◆ **Task to complete**
Please return the data that follows precisely as written, but without the images.

◆ **The data**
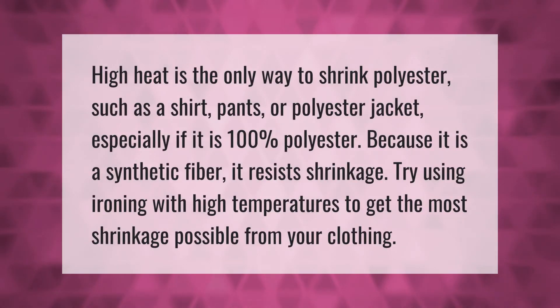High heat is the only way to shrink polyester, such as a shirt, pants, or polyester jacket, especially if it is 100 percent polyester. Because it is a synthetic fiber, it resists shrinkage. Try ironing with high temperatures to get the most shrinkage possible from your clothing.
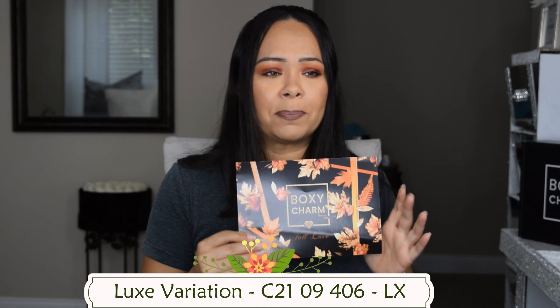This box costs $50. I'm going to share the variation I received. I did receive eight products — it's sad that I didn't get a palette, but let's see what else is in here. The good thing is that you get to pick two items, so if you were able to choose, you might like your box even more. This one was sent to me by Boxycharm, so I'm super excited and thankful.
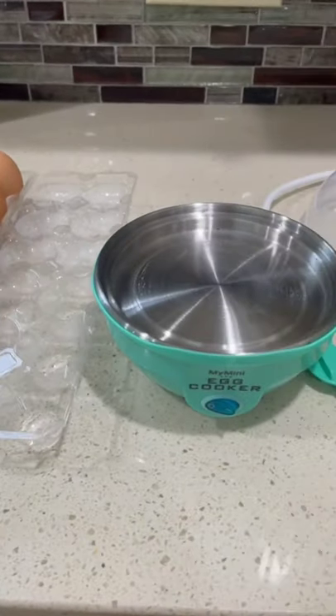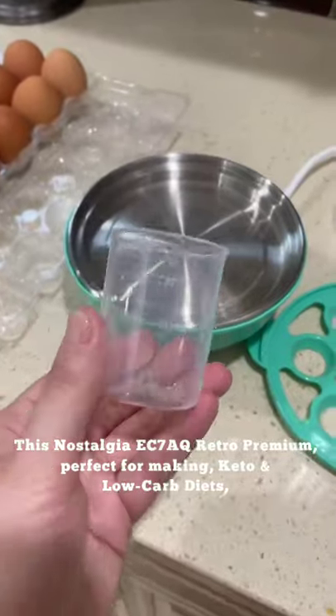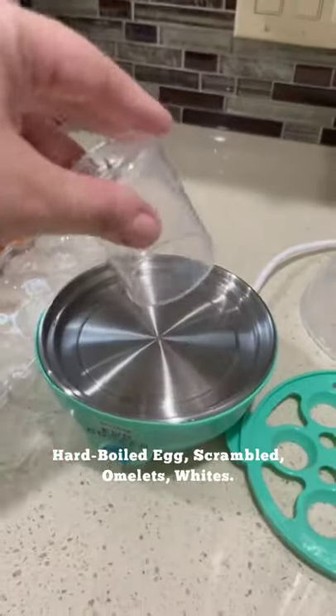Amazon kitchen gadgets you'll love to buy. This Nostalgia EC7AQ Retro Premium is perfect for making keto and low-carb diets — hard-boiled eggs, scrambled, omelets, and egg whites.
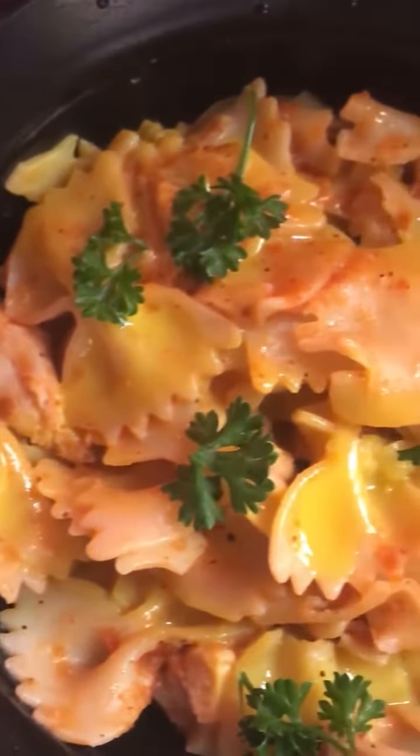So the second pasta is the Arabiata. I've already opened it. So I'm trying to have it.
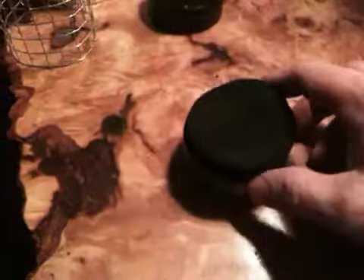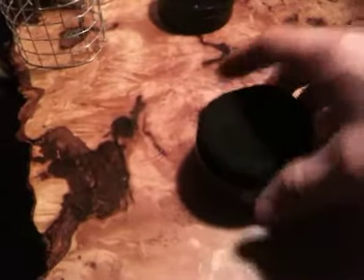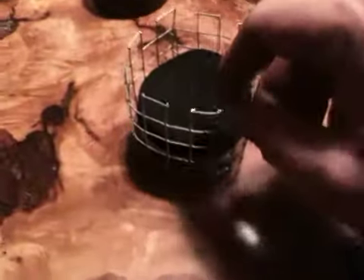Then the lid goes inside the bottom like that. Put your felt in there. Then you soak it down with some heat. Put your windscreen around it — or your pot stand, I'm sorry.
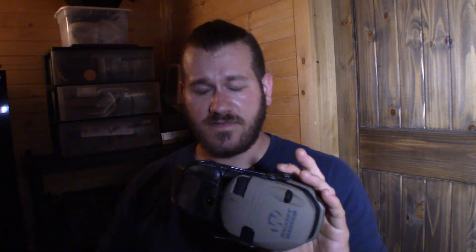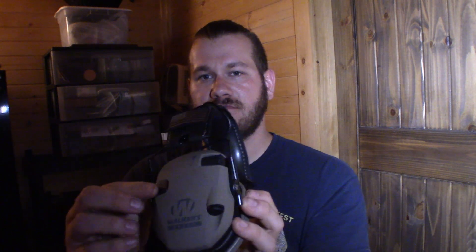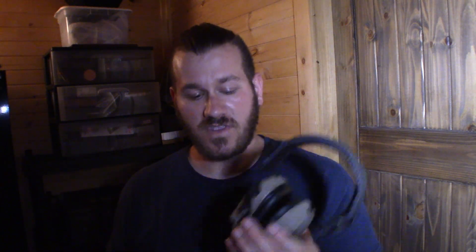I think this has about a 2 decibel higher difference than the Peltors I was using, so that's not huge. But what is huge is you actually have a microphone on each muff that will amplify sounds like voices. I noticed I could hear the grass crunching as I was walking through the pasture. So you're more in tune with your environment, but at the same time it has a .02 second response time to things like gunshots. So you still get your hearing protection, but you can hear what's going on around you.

◆ **Task answer**
High heat is the only way to shrink polyester, such as a shirt, pants, or polyester jacket, especially if it is 100 percent polyester. Because it is a synthetic fiber, it resists shrinkage. Try ironing with high temperatures to get the most shrinkage possible from your clothing.
This box costs $50. I'm going to share the variation I received. I did receive eight products — it's sad that I didn't get a palette, but let's see what else is in here. The good thing is that you get to pick two items, so if you were able to choose, you might like your box even more. This one was sent to me by Boxycharm, so I'm super excited and thankful.
Amazon kitchen gadgets you'll love to buy. This Nostalgia EC7AQ Retro Premium is perfect for making keto and low-carb diets — hard-boiled eggs, scrambled, omelets, and egg whites.
So the second pasta is the Arabiata. I've already opened it. So I'm trying to have it.
Then the lid goes inside the bottom like that. Put your felt in there. Then you soak it down with some heat. Put your windscreen around it — or your pot stand, I'm sorry.
I think this has about a 2 decibel higher difference than the Peltors I was using, so that's not huge. But what is huge is you actually have a microphone on each muff that will amplify sounds like voices. I noticed I could hear the grass crunching as I was walking through the pasture. So you're more in tune with your environment, but at the same time it has a .02 second response time to things like gunshots. So you still get your hearing protection, but you can hear what's going on around you.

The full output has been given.